▶ [THE RECORDS]:
........

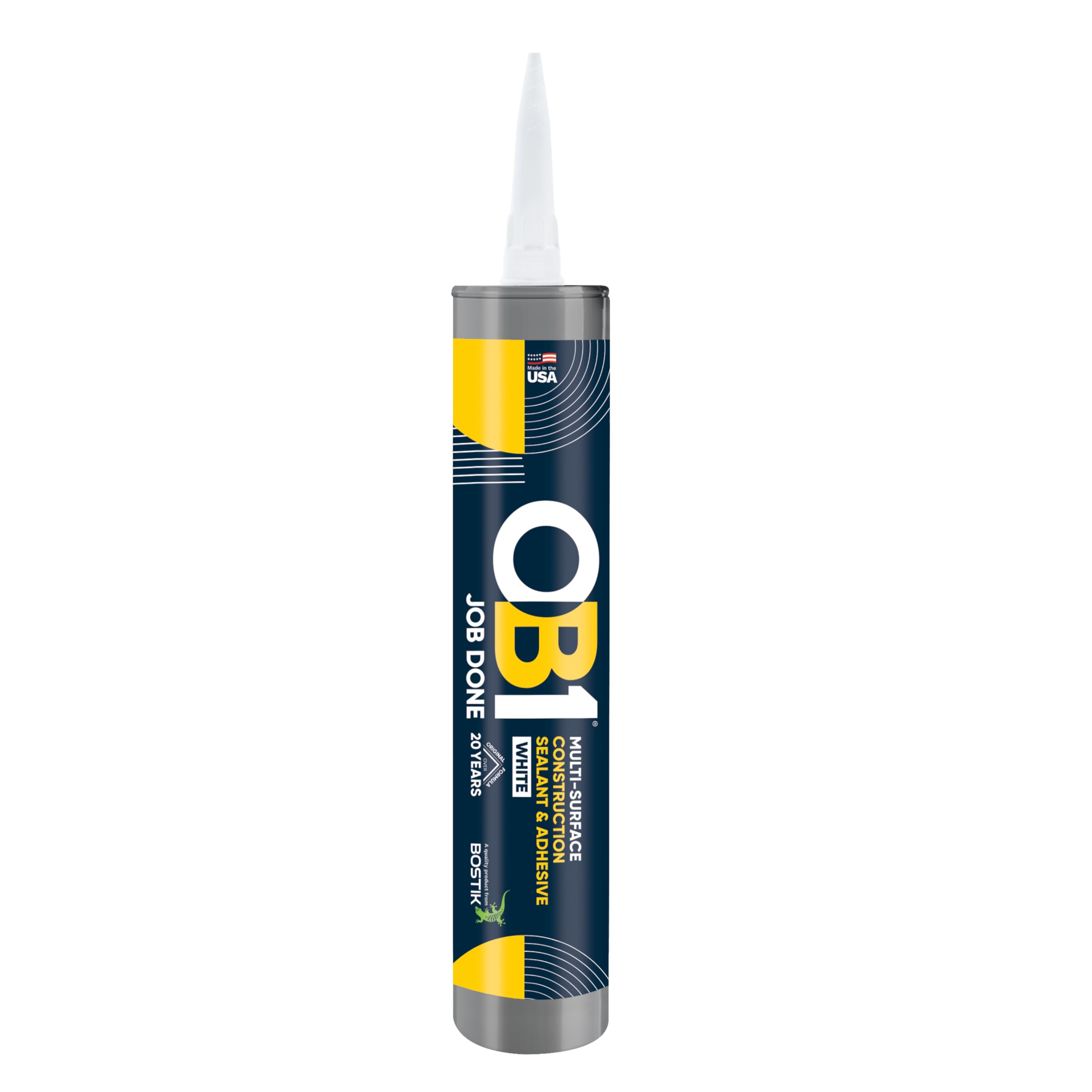 View 1 of *USED*
OB1 Universal Caulk Sealant & Adhesive White 10.1oz | Professional Grade Premium All-in-One Advanced Hybrid 3-in1 | Water Resistant Internal & External | Shrink Crack UV & Fade Resistant | 1 Cartridge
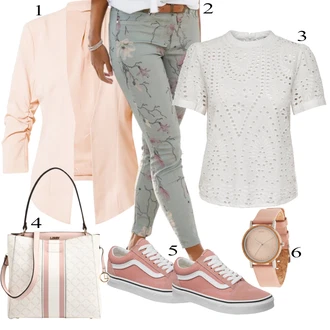 outfit mit Bež/Siva Superga Vans "Oblačila za pomlad"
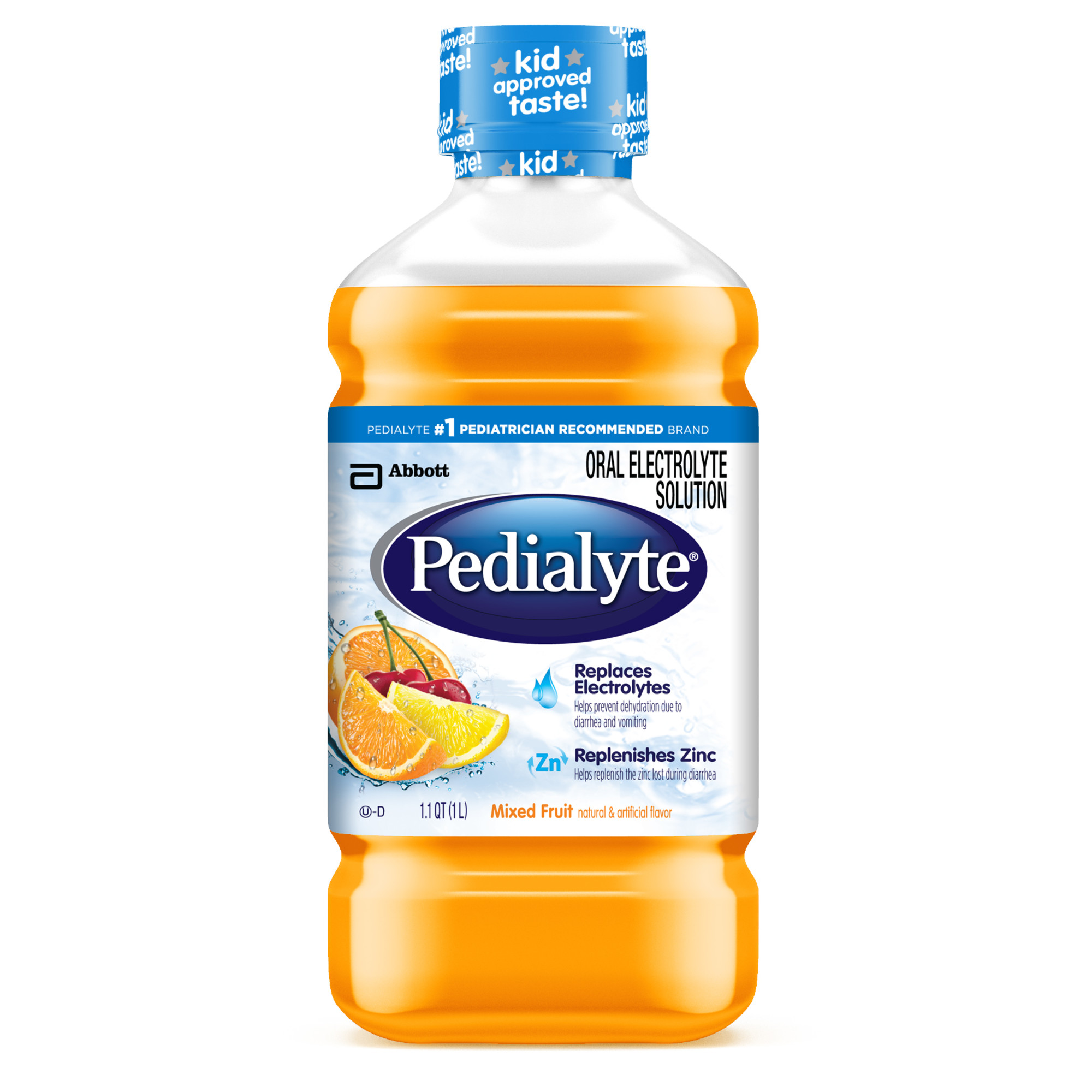 Pedialyte Liquid, 1.1 Quart (1 Liter Bottle)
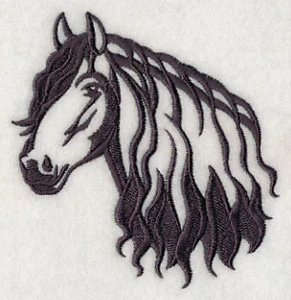 Friesian Horse Silhouette - Image 3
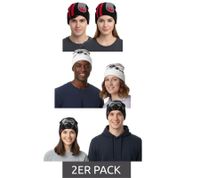 Pack de 2 gorros de Star Wars para hombre o mujer. Gorro de punto talla única. Artículo para fans. Gorro de invierno en blanco o negro.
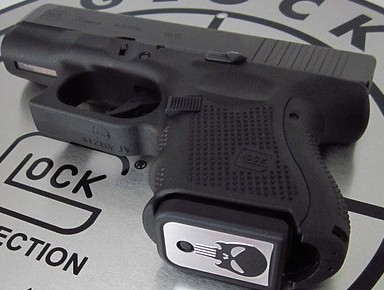 This Glock is just one of a couple of handguns for women that can fit in a woman's purse.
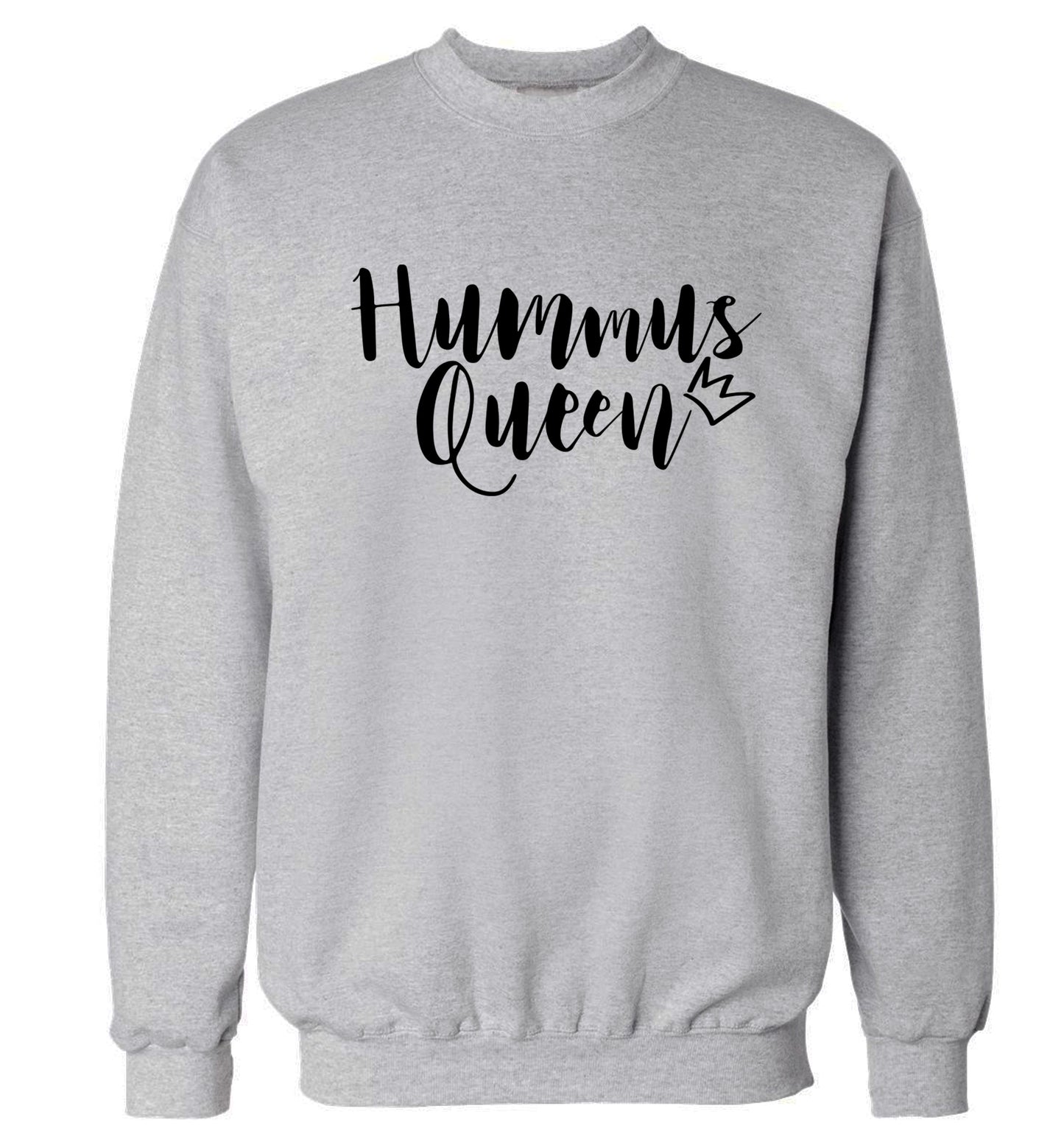 Hummus Hoe Adult's unisex grey  sweater 2XL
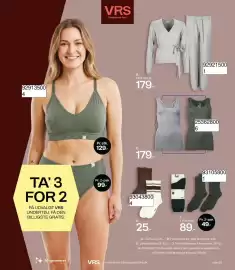 Bilka tilbudsavis uge 37 Side 11: TA’ 3 FOR 2 PÅ UDVALGT VRS UNDERTØJ €129,00, Tennisstrømper €25,00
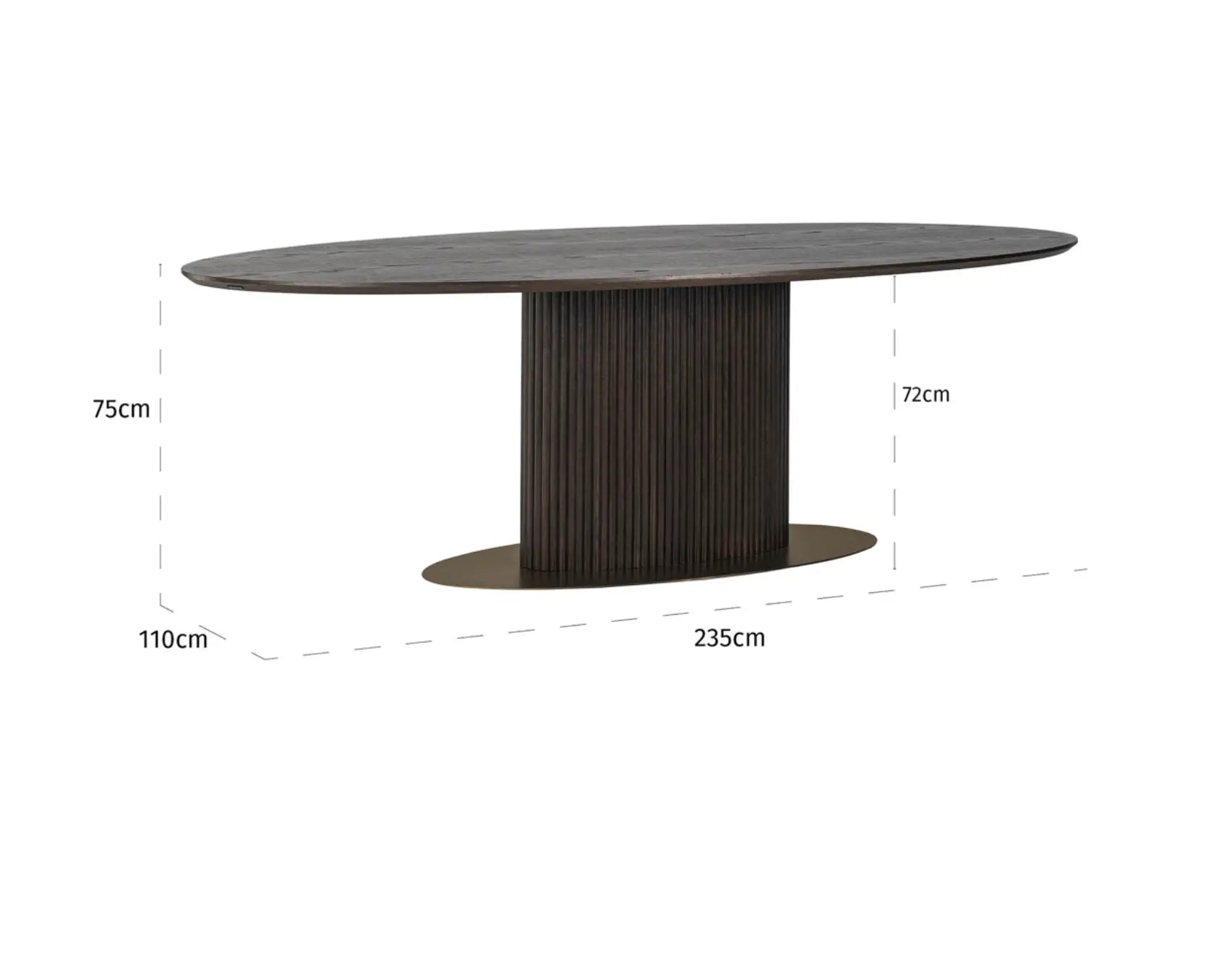 Luxor Brown Oval Dining Table Home Store Living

........

▶ [WHAT IS BEING ASKED]:
From the line containing "outfit mit Bež/Siva" to the end of the data above, give those lines again verbatim, with both endpoints included and no images.

▶ [TASK RESPONSE]:
 outfit mit Bež/Siva Superga Vans "Oblačila za pomlad"
 Pedialyte Liquid, 1.1 Quart (1 Liter Bottle)
 Friesian Horse Silhouette - Image 3
 Pack de 2 gorros de Star Wars para hombre o mujer. Gorro de punto talla única. Artículo para fans. Gorro de invierno en blanco o negro.
 This Glock is just one of a couple of handguns for women that can fit in a woman's purse.
 Hummus Hoe Adult's unisex grey  sweater 2XL
 Bilka tilbudsavis uge 37 Side 11: TA’ 3 FOR 2 PÅ UDVALGT VRS UNDERTØJ €129,00, Tennisstrømper €25,00
 Luxor Brown Oval Dining Table Home Store Living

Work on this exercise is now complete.